§ Assignment: Exact repetition of a range: find the line containing "Jersey gris estampado nórdico rosa" and the line containing "Item preview, Autumn" in the material below, then repeat both and all lines between them, leaving pictures out.

── Input data ──

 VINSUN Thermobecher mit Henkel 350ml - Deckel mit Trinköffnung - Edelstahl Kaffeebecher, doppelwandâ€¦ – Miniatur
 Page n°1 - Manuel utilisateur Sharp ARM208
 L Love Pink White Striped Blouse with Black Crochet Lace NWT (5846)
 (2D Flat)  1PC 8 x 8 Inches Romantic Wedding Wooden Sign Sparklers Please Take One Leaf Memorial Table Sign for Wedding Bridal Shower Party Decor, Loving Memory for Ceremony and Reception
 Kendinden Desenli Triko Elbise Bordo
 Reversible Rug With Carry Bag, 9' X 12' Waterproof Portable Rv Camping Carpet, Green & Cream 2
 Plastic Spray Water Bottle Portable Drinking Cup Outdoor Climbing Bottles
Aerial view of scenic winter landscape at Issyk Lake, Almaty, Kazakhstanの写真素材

───
── Input data ──

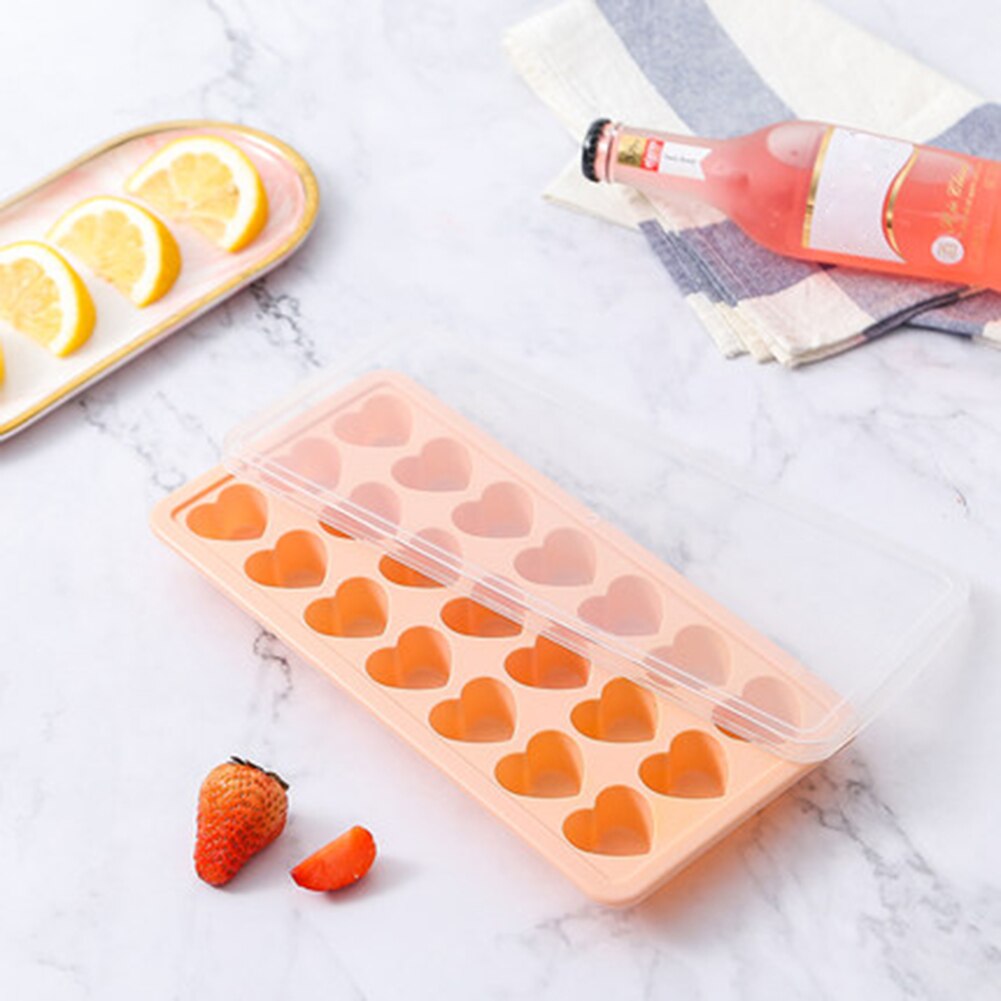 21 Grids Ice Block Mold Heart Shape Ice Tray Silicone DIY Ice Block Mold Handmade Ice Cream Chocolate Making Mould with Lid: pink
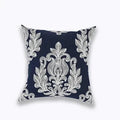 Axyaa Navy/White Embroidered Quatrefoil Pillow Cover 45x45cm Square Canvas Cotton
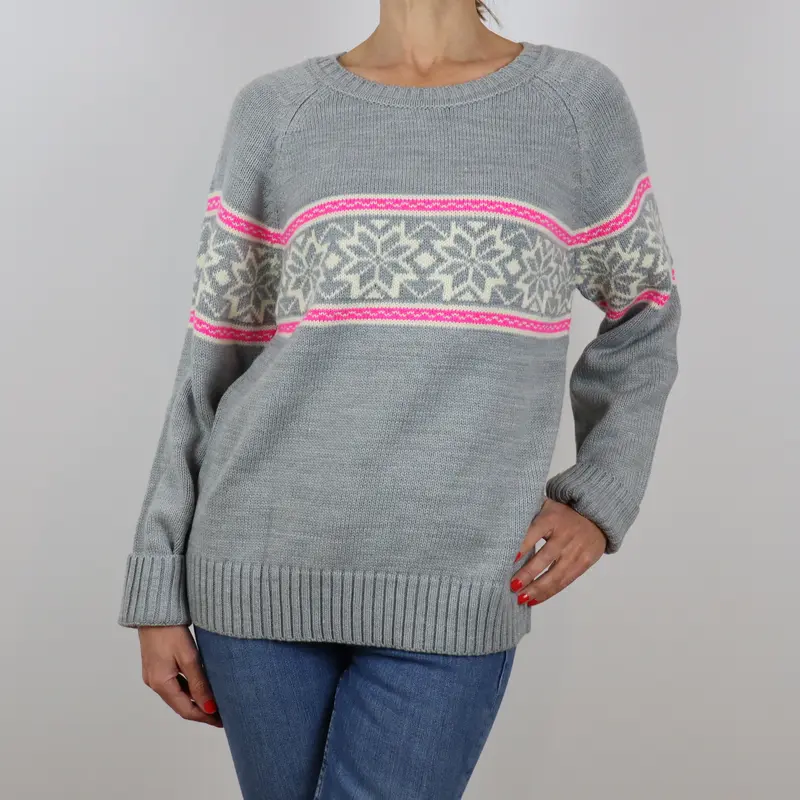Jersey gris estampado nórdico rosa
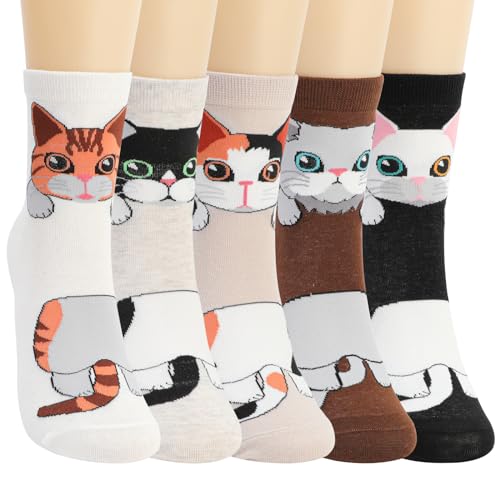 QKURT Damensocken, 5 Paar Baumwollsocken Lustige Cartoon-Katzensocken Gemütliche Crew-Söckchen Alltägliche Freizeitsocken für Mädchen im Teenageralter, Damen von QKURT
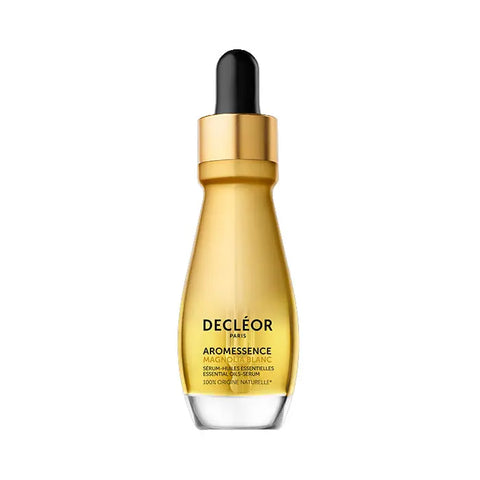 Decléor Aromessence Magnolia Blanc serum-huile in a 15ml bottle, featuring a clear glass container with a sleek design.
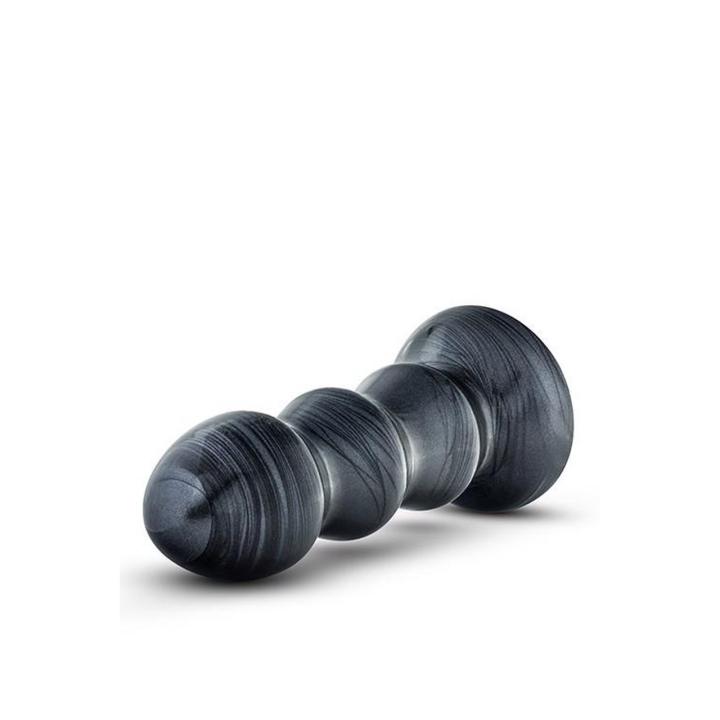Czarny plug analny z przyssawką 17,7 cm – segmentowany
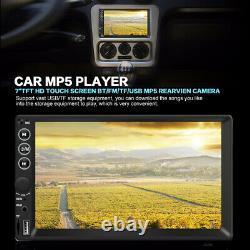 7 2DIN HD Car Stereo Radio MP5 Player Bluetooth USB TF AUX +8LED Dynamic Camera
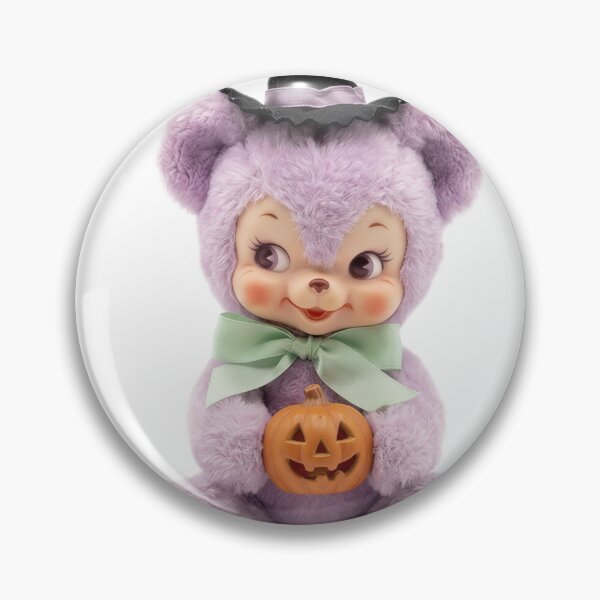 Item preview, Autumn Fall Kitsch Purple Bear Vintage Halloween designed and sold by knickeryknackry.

───

§ Answer area:
Jersey gris estampado nórdico rosa
 QKURT Damensocken, 5 Paar Baumwollsocken Lustige Cartoon-Katzensocken Gemütliche Crew-Söckchen Alltägliche Freizeitsocken für Mädchen im Teenageralter, Damen von QKURT
 Decléor Aromessence Magnolia Blanc serum-huile in a 15ml bottle, featuring a clear glass container with a sleek design.
Czarny plug analny z przyssawką 17,7 cm – segmentowany
 7 2DIN HD Car Stereo Radio MP5 Player Bluetooth USB TF AUX +8LED Dynamic Camera
 Item preview, Autumn Fall Kitsch Purple Bear Vintage Halloween designed and sold by knickeryknackry.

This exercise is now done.